• **WORK INSTRUCTIONS**:
Set down every record once more, exactly as given.

• **Brief descriptive captions**:
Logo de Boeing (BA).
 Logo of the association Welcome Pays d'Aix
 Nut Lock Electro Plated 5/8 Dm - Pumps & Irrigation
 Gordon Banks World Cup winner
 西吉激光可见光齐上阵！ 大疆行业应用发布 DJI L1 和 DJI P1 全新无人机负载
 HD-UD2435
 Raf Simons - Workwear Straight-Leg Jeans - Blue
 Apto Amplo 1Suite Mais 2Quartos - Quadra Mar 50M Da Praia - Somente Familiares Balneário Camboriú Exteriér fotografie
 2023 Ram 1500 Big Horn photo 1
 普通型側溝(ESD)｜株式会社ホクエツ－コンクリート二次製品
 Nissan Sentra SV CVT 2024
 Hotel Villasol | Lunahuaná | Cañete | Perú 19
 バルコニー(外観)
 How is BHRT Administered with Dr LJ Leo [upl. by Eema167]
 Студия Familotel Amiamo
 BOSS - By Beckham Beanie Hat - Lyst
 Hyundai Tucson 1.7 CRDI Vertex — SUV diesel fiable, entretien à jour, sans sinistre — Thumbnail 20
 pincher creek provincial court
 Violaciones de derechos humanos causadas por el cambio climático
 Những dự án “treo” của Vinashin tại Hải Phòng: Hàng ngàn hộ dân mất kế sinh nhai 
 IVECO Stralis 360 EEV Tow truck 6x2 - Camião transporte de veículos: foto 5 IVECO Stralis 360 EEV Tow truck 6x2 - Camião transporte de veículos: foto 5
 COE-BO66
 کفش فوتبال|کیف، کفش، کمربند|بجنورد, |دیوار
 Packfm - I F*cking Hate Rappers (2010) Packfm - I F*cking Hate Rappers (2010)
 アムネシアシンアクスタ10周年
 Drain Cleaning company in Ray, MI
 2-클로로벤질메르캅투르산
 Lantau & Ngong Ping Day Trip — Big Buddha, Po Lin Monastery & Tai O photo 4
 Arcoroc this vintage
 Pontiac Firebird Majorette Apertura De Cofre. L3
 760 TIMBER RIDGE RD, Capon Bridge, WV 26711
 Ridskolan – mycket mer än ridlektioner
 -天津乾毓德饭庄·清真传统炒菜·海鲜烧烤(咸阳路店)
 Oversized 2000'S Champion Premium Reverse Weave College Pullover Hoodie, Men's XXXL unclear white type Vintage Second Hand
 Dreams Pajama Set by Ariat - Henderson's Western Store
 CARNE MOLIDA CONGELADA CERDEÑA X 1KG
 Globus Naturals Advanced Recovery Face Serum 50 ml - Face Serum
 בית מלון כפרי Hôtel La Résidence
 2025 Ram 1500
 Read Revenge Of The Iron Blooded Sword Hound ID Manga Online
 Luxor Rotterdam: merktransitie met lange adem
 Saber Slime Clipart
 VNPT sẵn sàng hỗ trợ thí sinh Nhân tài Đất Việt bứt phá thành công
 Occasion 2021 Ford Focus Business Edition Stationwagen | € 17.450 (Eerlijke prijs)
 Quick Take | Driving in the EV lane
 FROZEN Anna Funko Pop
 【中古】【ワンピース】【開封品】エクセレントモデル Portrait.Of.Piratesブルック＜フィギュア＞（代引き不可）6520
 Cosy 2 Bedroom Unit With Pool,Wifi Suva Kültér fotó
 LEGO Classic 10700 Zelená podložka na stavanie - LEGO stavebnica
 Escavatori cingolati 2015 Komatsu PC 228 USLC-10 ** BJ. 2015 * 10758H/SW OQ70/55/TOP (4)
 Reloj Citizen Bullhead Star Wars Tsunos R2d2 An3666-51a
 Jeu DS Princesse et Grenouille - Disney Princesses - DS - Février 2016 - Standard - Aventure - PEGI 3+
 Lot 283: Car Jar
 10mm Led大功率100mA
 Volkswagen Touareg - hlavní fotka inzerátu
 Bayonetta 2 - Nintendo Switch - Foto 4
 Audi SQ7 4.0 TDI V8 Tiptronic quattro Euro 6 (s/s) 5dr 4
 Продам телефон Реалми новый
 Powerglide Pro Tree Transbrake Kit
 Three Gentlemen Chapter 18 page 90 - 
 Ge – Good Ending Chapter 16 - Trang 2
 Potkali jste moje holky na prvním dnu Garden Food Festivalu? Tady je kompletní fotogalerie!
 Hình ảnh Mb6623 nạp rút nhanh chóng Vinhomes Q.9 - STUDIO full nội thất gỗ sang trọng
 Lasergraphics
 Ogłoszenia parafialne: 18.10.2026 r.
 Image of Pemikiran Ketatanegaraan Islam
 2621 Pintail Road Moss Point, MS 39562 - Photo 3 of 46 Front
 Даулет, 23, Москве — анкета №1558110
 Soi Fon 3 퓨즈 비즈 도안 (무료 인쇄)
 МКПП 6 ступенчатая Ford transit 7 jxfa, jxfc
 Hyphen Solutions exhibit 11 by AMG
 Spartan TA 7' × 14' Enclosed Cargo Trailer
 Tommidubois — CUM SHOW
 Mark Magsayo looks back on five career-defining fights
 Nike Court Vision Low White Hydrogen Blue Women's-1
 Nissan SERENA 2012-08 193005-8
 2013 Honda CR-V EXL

• **ANSWER TO THIS TASK**:
Logo de Boeing (BA).
 Logo of the association Welcome Pays d'Aix
 Nut Lock Electro Plated 5/8 Dm - Pumps & Irrigation
 Gordon Banks World Cup winner
 西吉激光可见光齐上阵！ 大疆行业应用发布 DJI L1 和 DJI P1 全新无人机负载
 HD-UD2435
 Raf Simons - Workwear Straight-Leg Jeans - Blue
 Apto Amplo 1Suite Mais 2Quartos - Quadra Mar 50M Da Praia - Somente Familiares Balneário Camboriú Exteriér fotografie
 2023 Ram 1500 Big Horn photo 1
 普通型側溝(ESD)｜株式会社ホクエツ－コンクリート二次製品
 Nissan Sentra SV CVT 2024
 Hotel Villasol | Lunahuaná | Cañete | Perú 19
 バルコニー(外観)
 How is BHRT Administered with Dr LJ Leo [upl. by Eema167]
 Студия Familotel Amiamo
 BOSS - By Beckham Beanie Hat - Lyst
 Hyundai Tucson 1.7 CRDI Vertex — SUV diesel fiable, entretien à jour, sans sinistre — Thumbnail 20
 pincher creek provincial court
 Violaciones de derechos humanos causadas por el cambio climático
 Những dự án “treo” của Vinashin tại Hải Phòng: Hàng ngàn hộ dân mất kế sinh nhai 
 IVECO Stralis 360 EEV Tow truck 6x2 - Camião transporte de veículos: foto 5 IVECO Stralis 360 EEV Tow truck 6x2 - Camião transporte de veículos: foto 5
 COE-BO66
 کفش فوتبال|کیف، کفش، کمربند|بجنورد, |دیوار
 Packfm - I F*cking Hate Rappers (2010) Packfm - I F*cking Hate Rappers (2010)
 アムネシアシンアクスタ10周年
 Drain Cleaning company in Ray, MI
 2-클로로벤질메르캅투르산
 Lantau & Ngong Ping Day Trip — Big Buddha, Po Lin Monastery & Tai O photo 4
 Arcoroc this vintage
 Pontiac Firebird Majorette Apertura De Cofre. L3
 760 TIMBER RIDGE RD, Capon Bridge, WV 26711
 Ridskolan – mycket mer än ridlektioner
 -天津乾毓德饭庄·清真传统炒菜·海鲜烧烤(咸阳路店)
 Oversized 2000'S Champion Premium Reverse Weave College Pullover Hoodie, Men's XXXL unclear white type Vintage Second Hand
 Dreams Pajama Set by Ariat - Henderson's Western Store
 CARNE MOLIDA CONGELADA CERDEÑA X 1KG
 Globus Naturals Advanced Recovery Face Serum 50 ml - Face Serum
 בית מלון כפרי Hôtel La Résidence
 2025 Ram 1500
 Read Revenge Of The Iron Blooded Sword Hound ID Manga Online
 Luxor Rotterdam: merktransitie met lange adem
 Saber Slime Clipart
 VNPT sẵn sàng hỗ trợ thí sinh Nhân tài Đất Việt bứt phá thành công
 Occasion 2021 Ford Focus Business Edition Stationwagen | € 17.450 (Eerlijke prijs)
 Quick Take | Driving in the EV lane
 FROZEN Anna Funko Pop
 【中古】【ワンピース】【開封品】エクセレントモデル Portrait.Of.Piratesブルック＜フィギュア＞（代引き不可）6520
 Cosy 2 Bedroom Unit With Pool,Wifi Suva Kültér fotó
 LEGO Classic 10700 Zelená podložka na stavanie - LEGO stavebnica
 Escavatori cingolati 2015 Komatsu PC 228 USLC-10 ** BJ. 2015 * 10758H/SW OQ70/55/TOP (4)
 Reloj Citizen Bullhead Star Wars Tsunos R2d2 An3666-51a
 Jeu DS Princesse et Grenouille - Disney Princesses - DS - Février 2016 - Standard - Aventure - PEGI 3+
 Lot 283: Car Jar
 10mm Led大功率100mA
 Volkswagen Touareg - hlavní fotka inzerátu
 Bayonetta 2 - Nintendo Switch - Foto 4
 Audi SQ7 4.0 TDI V8 Tiptronic quattro Euro 6 (s/s) 5dr 4
 Продам телефон Реалми новый
 Powerglide Pro Tree Transbrake Kit
 Three Gentlemen Chapter 18 page 90 - 
 Ge – Good Ending Chapter 16 - Trang 2
 Potkali jste moje holky na prvním dnu Garden Food Festivalu? Tady je kompletní fotogalerie!
 Hình ảnh Mb6623 nạp rút nhanh chóng Vinhomes Q.9 - STUDIO full nội thất gỗ sang trọng
 Lasergraphics
 Ogłoszenia parafialne: 18.10.2026 r.
 Image of Pemikiran Ketatanegaraan Islam
 2621 Pintail Road Moss Point, MS 39562 - Photo 3 of 46 Front
 Даулет, 23, Москве — анкета №1558110
 Soi Fon 3 퓨즈 비즈 도안 (무료 인쇄)
 МКПП 6 ступенчатая Ford transit 7 jxfa, jxfc
 Hyphen Solutions exhibit 11 by AMG
 Spartan TA 7' × 14' Enclosed Cargo Trailer
 Tommidubois — CUM SHOW
 Mark Magsayo looks back on five career-defining fights
 Nike Court Vision Low White Hydrogen Blue Women's-1
 Nissan SERENA 2012-08 193005-8
 2013 Honda CR-V EXL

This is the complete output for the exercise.